[Bug rtl-optimization/71785] Computed gotos are mostly optimized away

rndfax at yandex dot ru Wed, 20 Nov 2019 04:33:54 -0800

https://gcc.gnu.org/bugzilla/show_bug.cgi?id=71785


Aleksey <rndfax at yandex dot ru> changed:

           What    |Removed                     |Added
----------------------------------------------------------------------------
                 CC|                            |rndfax at yandex dot ru

--- Comment #12 from Aleksey <rndfax at yandex dot ru> ---
Committed test case gcc/testsuite/gcc.target/powerpc/pr71785.c still fails on
the latest GCC version. It seems some flags affect result.

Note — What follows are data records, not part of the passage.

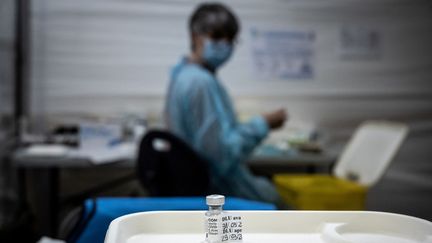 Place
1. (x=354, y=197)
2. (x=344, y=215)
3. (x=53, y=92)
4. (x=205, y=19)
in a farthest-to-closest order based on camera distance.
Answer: (x=53, y=92)
(x=205, y=19)
(x=354, y=197)
(x=344, y=215)

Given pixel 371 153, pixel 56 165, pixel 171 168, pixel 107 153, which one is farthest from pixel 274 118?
pixel 56 165

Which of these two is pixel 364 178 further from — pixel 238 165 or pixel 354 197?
pixel 238 165

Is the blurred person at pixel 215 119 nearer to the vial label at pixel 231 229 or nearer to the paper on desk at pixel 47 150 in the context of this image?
the paper on desk at pixel 47 150

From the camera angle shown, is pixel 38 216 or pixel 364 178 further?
pixel 38 216

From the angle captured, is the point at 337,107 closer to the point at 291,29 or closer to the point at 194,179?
the point at 291,29

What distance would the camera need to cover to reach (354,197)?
1.71 meters

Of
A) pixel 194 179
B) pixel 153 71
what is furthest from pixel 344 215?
pixel 153 71

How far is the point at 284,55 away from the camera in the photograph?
8.90 ft

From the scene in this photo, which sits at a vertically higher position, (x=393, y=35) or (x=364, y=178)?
(x=393, y=35)

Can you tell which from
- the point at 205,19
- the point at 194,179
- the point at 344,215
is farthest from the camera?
the point at 205,19

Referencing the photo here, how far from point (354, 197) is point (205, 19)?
0.92 meters

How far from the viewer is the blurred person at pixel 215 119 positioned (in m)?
1.67

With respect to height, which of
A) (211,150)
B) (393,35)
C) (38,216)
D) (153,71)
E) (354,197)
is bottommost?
(38,216)

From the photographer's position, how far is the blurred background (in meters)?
2.59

For example, this command:

gcc -S -O3 gcc/testsuite/gcc.target/powerpc/pr71785.c

produces good result - all computed gotos are of type "jump reg":

$ fgrep jmp pr71785.s 
        jmp     *%rax
        jmp     *%rax
        jmp     *%rax
        jmp     *%rax
$

But adding these two flags "-fno-reorder-blocks-and-partition
-fno-reorder-blocks" we get command like this:

gcc -S -O3 -fno-reorder-blocks-and-partition -fno-reorder-blocks
gcc/testsuite/gcc.target/powerpc/pr71785.c

and we see that it does not optimize one goto:

$ fgrep jmp pr71785.s 
        jmp     .L2
        jmp     *%rax
        jmp     *%rax
        jmp     *%rax
        jmp     *%rax
$ 

I investigated this a little in the source code of GCC. And found that in
gcc/bb-reorder.c one basic block is not optimized
(pass_duplicate_computed_gotos) because of failing this condition
"single_pred_p (bb)" in this for-loop block, in this if statement:

  for (ei = ei_start (bb->preds); (e = ei_safe_edge (ei)); )
    {
      basic_block pred = e->src;

      /* Do not duplicate BB into PRED if that is the last predecessor, or if
     we cannot merge a copy of BB with PRED.  */
      if (single_pred_p (bb)
          || !single_succ_p (pred)
          || e->flags & EDGE_COMPLEX
          || pred->index < NUM_FIXED_BLOCKS
          || (JUMP_P (BB_END (pred)) && !simplejump_p (BB_END (pred)))
          || (JUMP_P (BB_END (pred)) && CROSSING_JUMP_P (BB_END (pred))))
        {
          ei_next (&ei);
          continue;
        }

If I get it right, happens this: bb, which has "jmp reg", has several
predecessors, which all have "jmp rel" to this bb. After merging this bb into
such a predecessor, bb have one predecessor less. When bb leaves with one
predecessor it falls into this if and stop optimizing.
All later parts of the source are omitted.